Director: Amol Gupte
Rating: 3 Stars (Out of 5)
There is something beautiful about the simplicity of Amol Gupte's aesthetic. The filmmaker priorities storytelling over style, which is why - despite an ace technical team - the opening credits of his latest film, Sniff, are made up of highly straightforward overhead food shots that look like something from Zee TV back in the day, not something gloriously oversaturated or mastercheffed up with slick wizardry. The story is about a young Sikh boy who comes from a family of pickle-makers, and therefore the treatment is grounded and basic and yet finger-licking irresistible.

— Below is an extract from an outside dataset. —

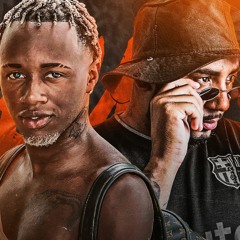 MC CALVIN - OLHA COMO AUTOESTIMA DELA SOBE X TROPA DO KBULOSO ( DJ MK OMLK SINISTRO )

Doing this loud smacking of the fingers is the family matriarch, Bebe, the grandmother with her face on the pickle jar. Played by the redoubtable Surekha Sikri, this wonderfully warm grandmother is full of concern for her nasally-challenged grandson. Struck by the unfairness of it all, she wonders how a child can function without being able to smell a thing.
Poorly, it appears. Not knowing how good food tastes is the least of little Sunny Gill's worries, as he literally steps in it. It, in this case, being a big pile of poo that ends up on his shoe and that he obliviously drags around school and is, inevitably, mocked for. He is a quiet, sensitive boy, one who sits alone on the bus despite having a best friend who tries to get him to mimic sweet and sour smells.
Things start off evocatively, thanks to Gupte's light but evocative filmmaking style and genuinely touching situations this hapless child finds himself in. At one point Sunny funnily, yet heartbreakingly, rhymes: "I want to vanish like a smell - which I cannot tell."
All is snot as he expects, however. After one fortuitous and dramatic sneeze, Sunny finds his life turned around and can now smell for kilometres away. This newfound ability turns the kid into a bloodhound, where he smells what his friends had for dinner the night before, which neighbourhood aunty's perfume lingers on which neighbourhood uncle, and where the Bengali policewoman next door has hidden the sweets from her husband.
This husband, played by Putul Guha, is my highlight from the film. A man who braves the intimidating glare of Ritwik Ghatak photographs as he surreptitiously sneaks out sandesh, this henpecked man is a terrific and unusual character, and Guha's performance is - impressively enough - both broadly funny and markedly sad. He is a man we see regularly slapped by his wife and, while we must question the use of this distasteful trope as laughing matter for any film, leave alone one made for children, Guha wins us over with his vulnerability. The actor is a find.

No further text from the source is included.